“Bad Rabbit” Ransomware – A Ploy by the USA?
A new ransomware attack spreads through Russia and Ukraine and into other countries around the world.
After accusing the Russians for the Wannacry ransomware attack, it is quite strange that a similar attack has taken place across Russia. Is it possible, that the US is retaliating with the Bad Rabbit ransomware?
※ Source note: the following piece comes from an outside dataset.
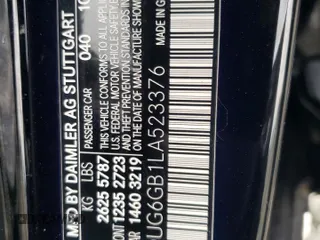 2020 Mercedes-Benz S-Class S 450 with VIN WDDUG6GB1LA523376, listed as a Copart auction lot 73912084 with 52,406 mi miles and Salvage Title. Bid and sale history available at carsss.com. Image 14.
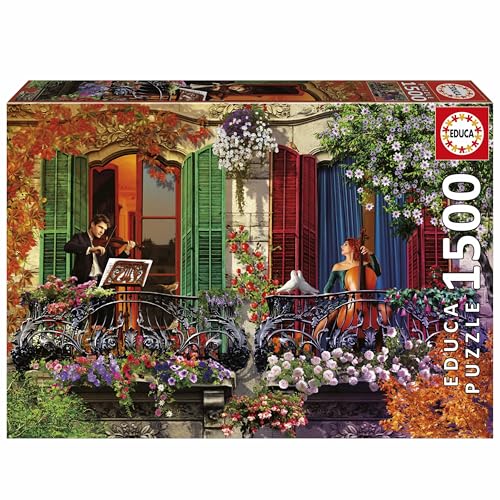 Educa - 1500 Teile Puzzle für Erwachsene | Serenade. Inklusive Fix Puzzle-Kleber. Maße: 85 x 60 cm. Ab 14 Jahren (20257) von Educa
According to reports from Cybersecurity experts, the ransomware deceives the user as an Adobe update before hijacking the systems and demanding money in exchange for the release of their computer systems. Russian media companies and Ukrainian transportation systems have suffered the most. There is also reported threat detection in other countries including the U.S, Germany, and Japan.
The U.S. Computer Emergency Readiness Team on Tuesday said:
“it has received multiple reports of ransomware infections … in many countries around the world.”
Being labeled as “Bad Rabbit,” the virus is the latest addition to the artillery of cybercriminals who are victimizing people across the globe for extortion money. This year already has seen two high-profile international attacks, NotPetya and Wannacry, which instigated widespread chaos upsetting businesses, government institutions, and hospitals.
After Bad Rabbit attacks a computer, it locks down files and demands a ransom. Experts and government agencies are instructing targets not to pay up, cautioning that it could just be a ploy and no guarantee of return of their valuables files and data.
It looks like there’s a potentially big ransomware outbreak called #BadRabbit spreading, possibly via SMB. I’m looking into it now.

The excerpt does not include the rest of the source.